The humble cotton mop has been identified as the likely culprit behind the flooding of the business class cabin on a Qantas Airbus A380 in July, the Australian Transport Safety Bureau (ATSB) says.
Qantas flight QF94 headed for Melbourne was forced to turn back to Los Angeles after about 700 litres of water spilled out of a pipe in an upper deck galley shortly after takeoff on July 2. An initial engineering inspection conducted after the aircraft landed safely in Los Angeles found that the coupling that joined the water pipe at the floor level where the water supply entered the galley had become unlatched.
“There was evidence that the rope-style mops used by cleaners may have contributed to the coupling coming undone,” said the ATSB report, which was released on Wednesday.
“Fleet-wide inspection of the fittings found strands of cleaning mops tangled in the brackets, with evidence of couplings rotated in opposing directions.”
In response, Qantas conducted an inspection on all of its Airbus A380 fleet, inspecting, cleaning and refitting each clamp within 72 hours of the incident.
“As an interim measure and in consultation with Airbus, aluminium tape has been double wrapped around the couplings to avoid the likelihood of unintentional disturbance,” the ATSB said.
“The aircraft are to be cleaned under the galley bench areas using sponge style mops instead of cotton rope mops.”
After cabin crew turned off the water supply to the aircraft, passengers were unable to use the toilets for the duration of the flight.

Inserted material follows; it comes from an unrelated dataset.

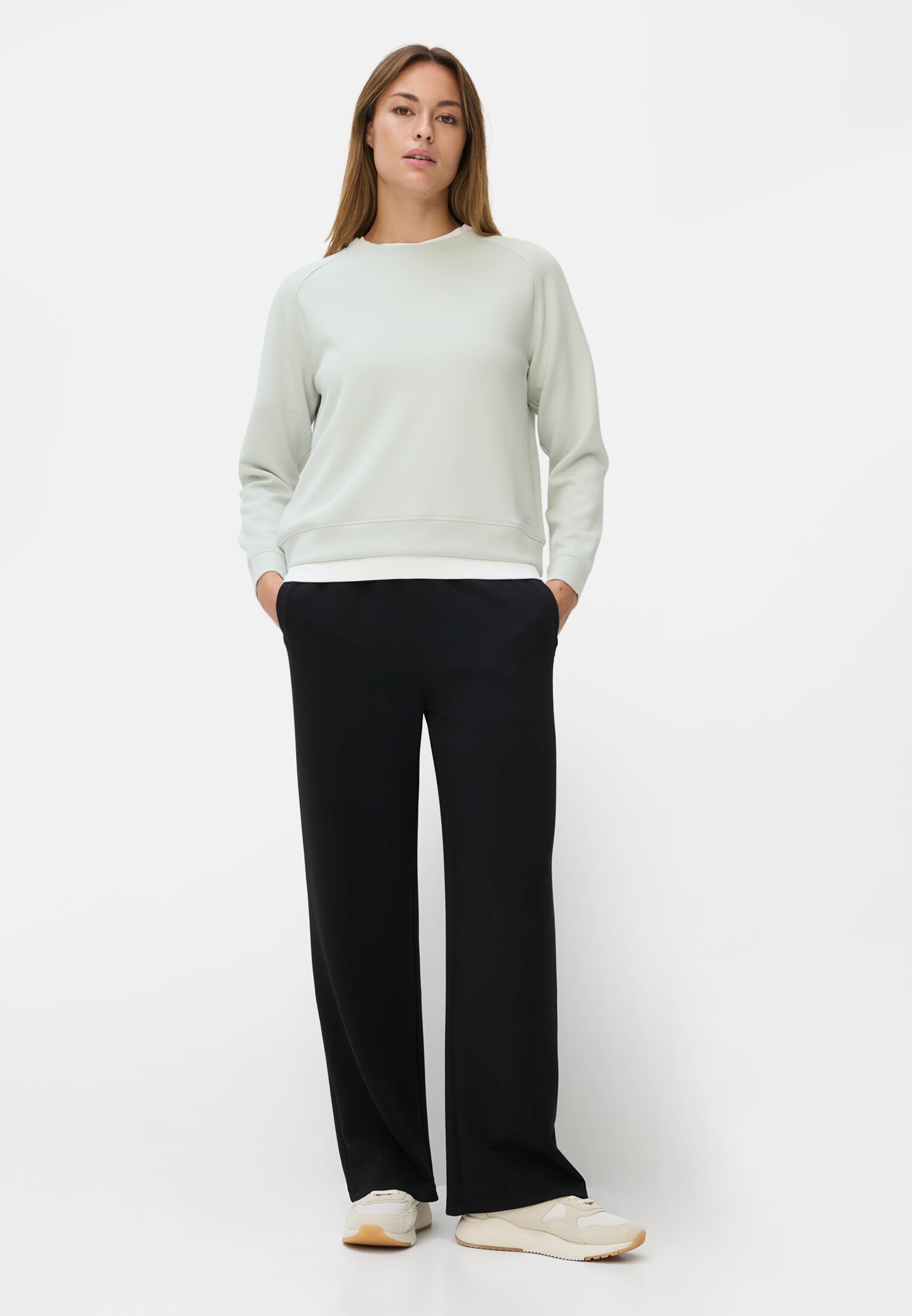 Damen Sweatshirt mit Raglanärmeln Minze getragen vorne Ganzkörper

The in-flight entertainment systems and power to all controls in the seats were also switched off.
“The cabin crew determined that it was therefore untenable to continue the 14-hour flight,” the ATSB said.
“Leakage of that quantity of water had not occurred previously, and the eventual impact of the water on the aircraft was unknown.”
The flightcrew dumped fuel to reduce the landing weight to 445 tonnes, which the ATSB noted was above the landing weight of 391 tonnes. The aircraft landed safely.
“As the aircraft commenced descent, a cabin crew member advised the flightcrew that the leaked water was moving forwards in the aircraft,” the ATSB said.
“The flightcrew then conducted a slow speed descent to keep the water stabilised and prevent it flowing forwards.”